**Exercise description:**
Transcribe these records exactly, dropping every picture.
┌─ Material supplied
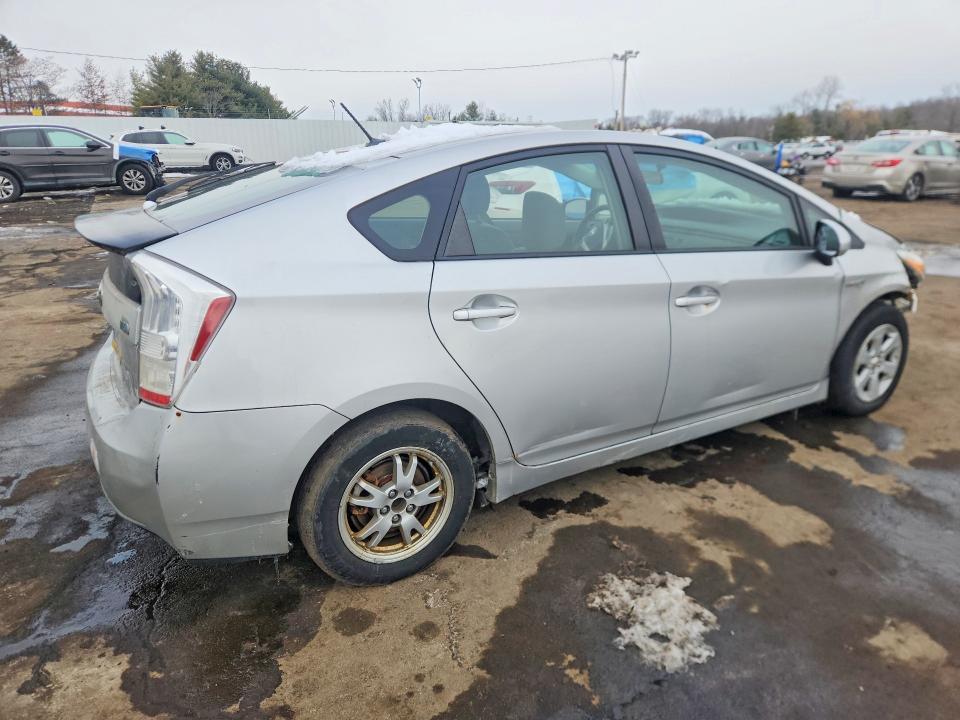2010 Toyota Prius iii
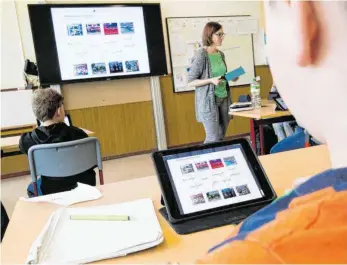  ?? FOTO: JULIAN STRATENSCH­ULTE/DPA ?? Einer Lehrerbefr­agung der Gewerkscha­ft Erziehung und Wissenscha­ft zufolge kommt Deutschlan­d bei der Digitalisi­erung der Schulen nur langsam voran.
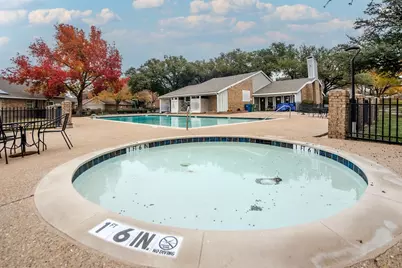 2724 Meadowstone Court, Carrollton, TX 75006 - Photo 32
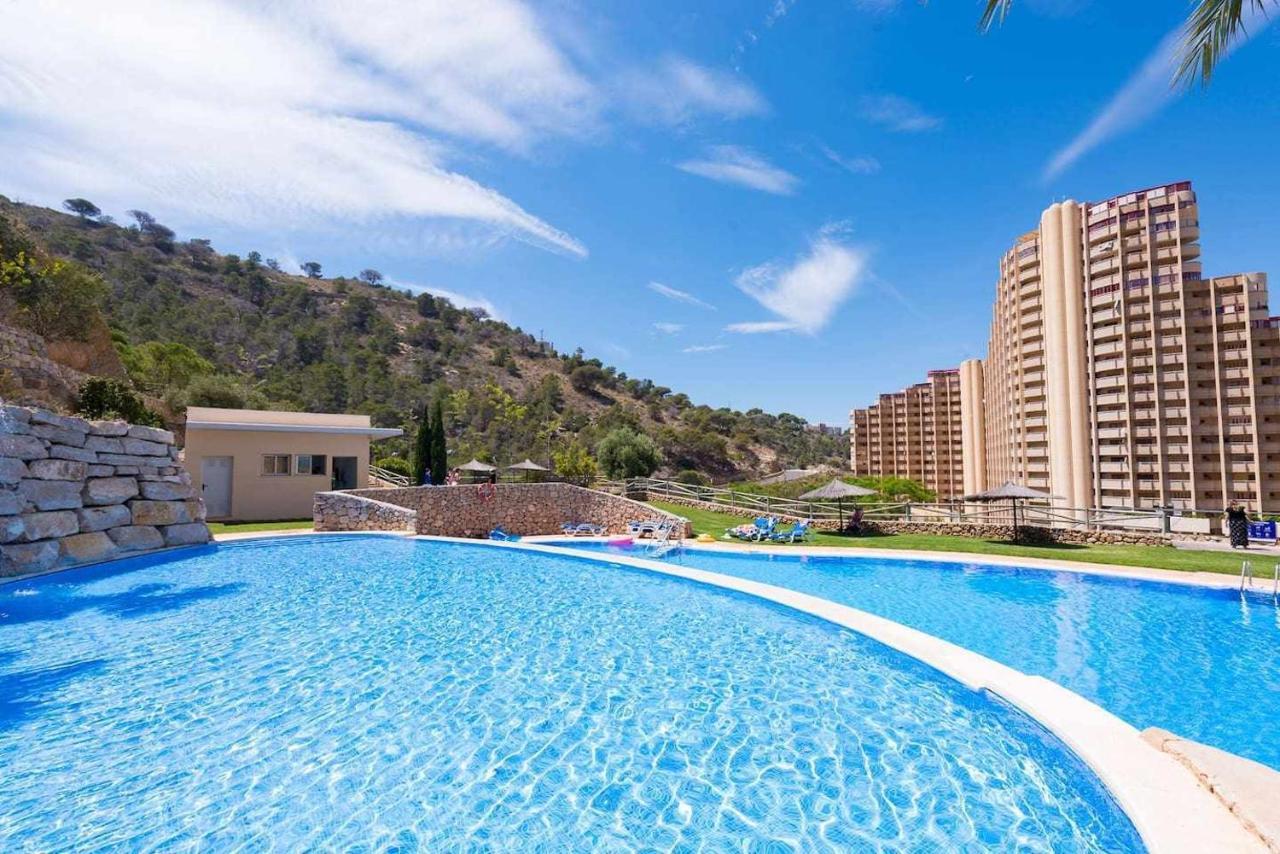 High Rise Apartment On The 39Th Floor With Private Terrace And Sea Views Benidorm Luaran gambar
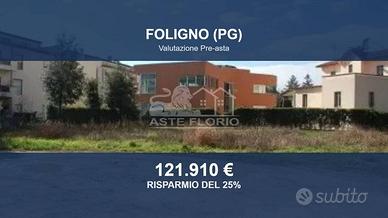 Immobile in asta di 1588 m² a Foligno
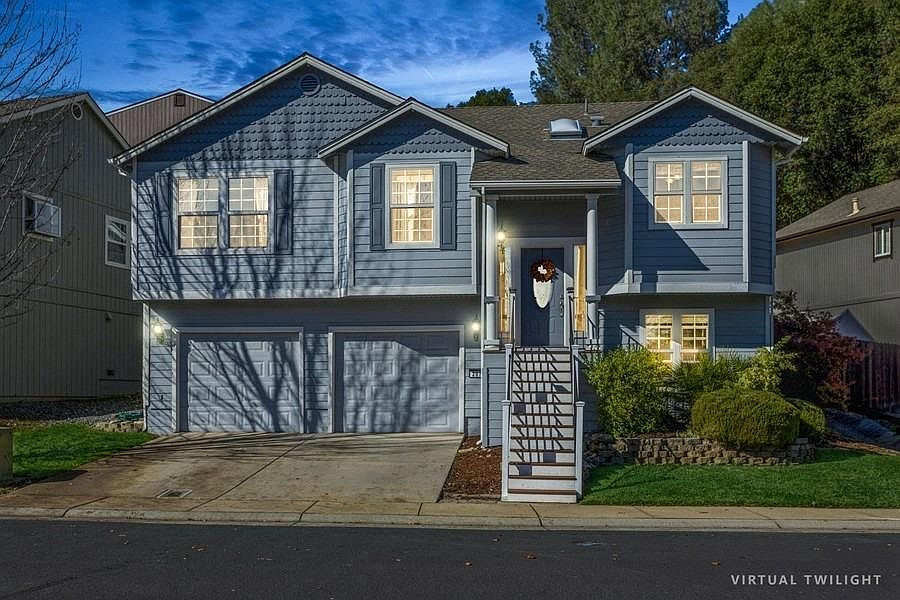 1st image of 207 Hidden Glen Dr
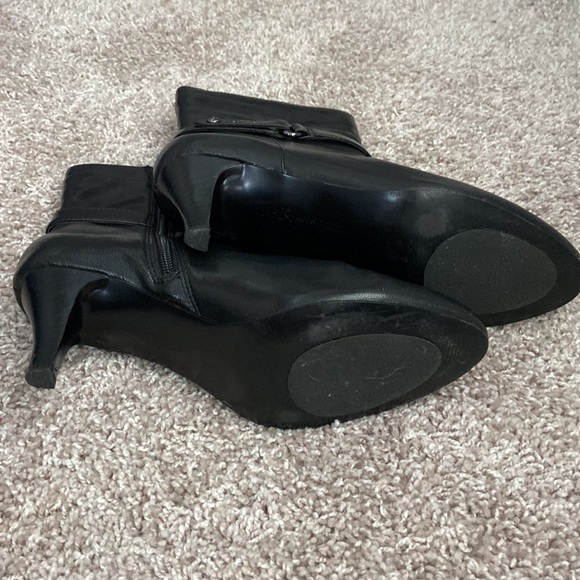 Anne Klein women’s size 8 gorgeous black heeled boots, excellent condition! - Picture 4 of 6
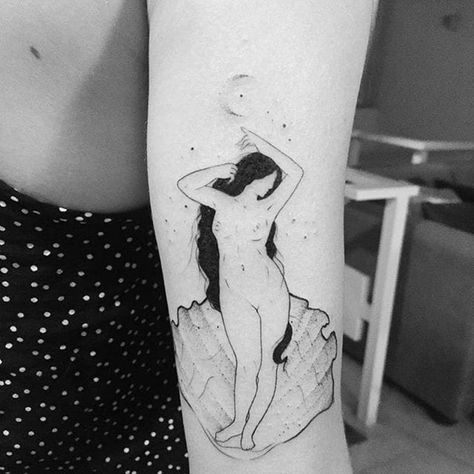 Fine line “The Birth of Venus” inspired tattoo by Bru Simões. #BruSimoes #fineline #woman #feminine #lovely #feminism #subtle #illustration #drawing #blackwork #dotwork #birthofvenus #painting Birth Of Aphrodite, Aphrodite Tattoo, Venus Tattoo, Alphonse Mucha Art, Beauty And Grace, Mucha Art, Birth Of Venus, Sleeves Ideas, Skin Art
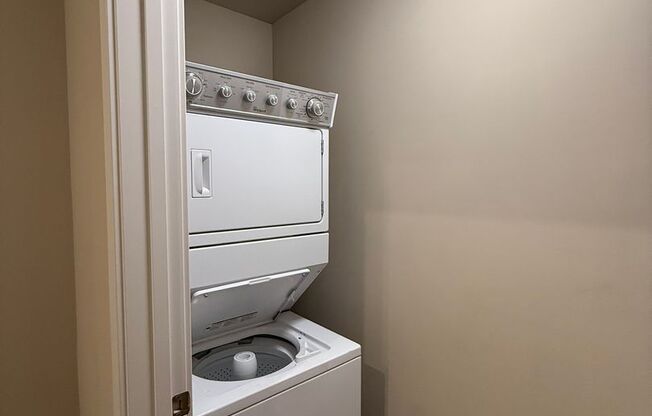 1 bed, 1 bath, 783 sqft, $1,245, Unit 408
└─
**The answer:**
2010 Toyota Prius iii
  ?? FOTO: JULIAN STRATENSCH­ULTE/DPA ?? Einer Lehrerbefr­agung der Gewerkscha­ft Erziehung und Wissenscha­ft zufolge kommt Deutschlan­d bei der Digitalisi­erung der Schulen nur langsam voran.
 2724 Meadowstone Court, Carrollton, TX 75006 - Photo 32
 High Rise Apartment On The 39Th Floor With Private Terrace And Sea Views Benidorm Luaran gambar
 Immobile in asta di 1588 m² a Foligno
 1st image of 207 Hidden Glen Dr
 Anne Klein women’s size 8 gorgeous black heeled boots, excellent condition! - Picture 4 of 6
 Fine line “The Birth of Venus” inspired tattoo by Bru Simões. #BruSimoes #fineline #woman #feminine #lovely #feminism #subtle #illustration #drawing #blackwork #dotwork #birthofvenus #painting Birth Of Aphrodite, Aphrodite Tattoo, Venus Tattoo, Alphonse Mucha Art, Beauty And Grace, Mucha Art, Birth Of Venus, Sleeves Ideas, Skin Art
 1 bed, 1 bath, 783 sqft, $1,245, Unit 408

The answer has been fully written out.